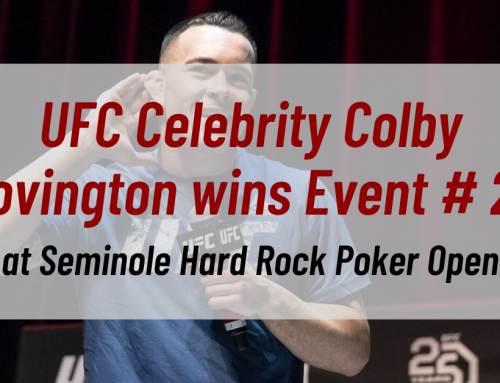 UFC Celebrity Colby Covington wins Event # 22 at Seminole Hard Rock Poker Open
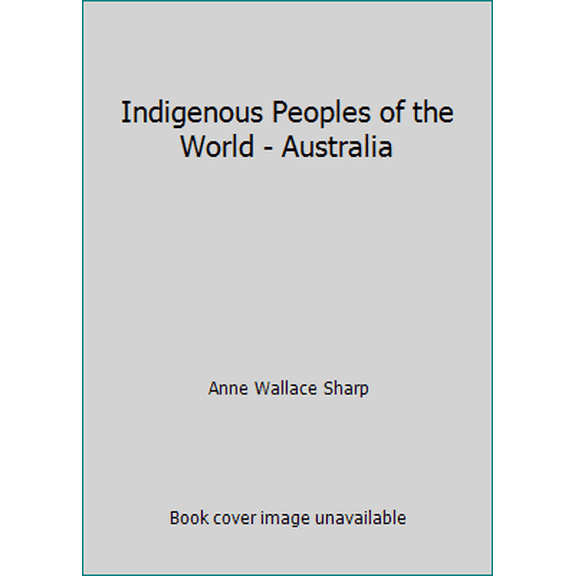 Pre-Owned Indigenous Peoples of the World - Australia (Hardcover) 1590180917 9781590180914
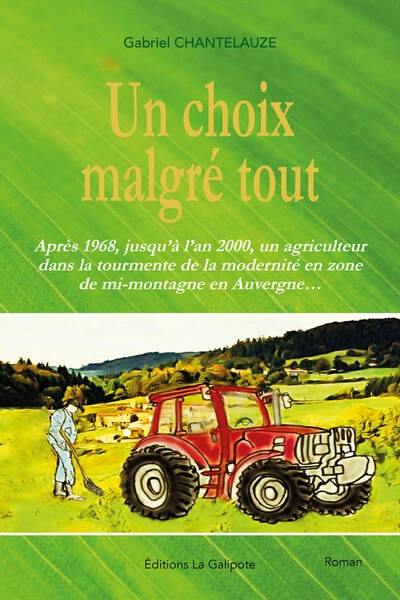 Un choix malgré tout : après 1968, jusqu'à l'an 2000, un agriculteur dans la tourmente de la modernité en zone de mi-montagne en Auvergne...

### EXERCISE AIM
Please, leaving out all pictures, transcribe exactly the lines above from the one containing "Pre-Owned Indigenous Peoples" through the final line, both included.

### REPLY
 Pre-Owned Indigenous Peoples of the World - Australia (Hardcover) 1590180917 9781590180914
 Un choix malgré tout : après 1968, jusqu'à l'an 2000, un agriculteur dans la tourmente de la modernité en zone de mi-montagne en Auvergne...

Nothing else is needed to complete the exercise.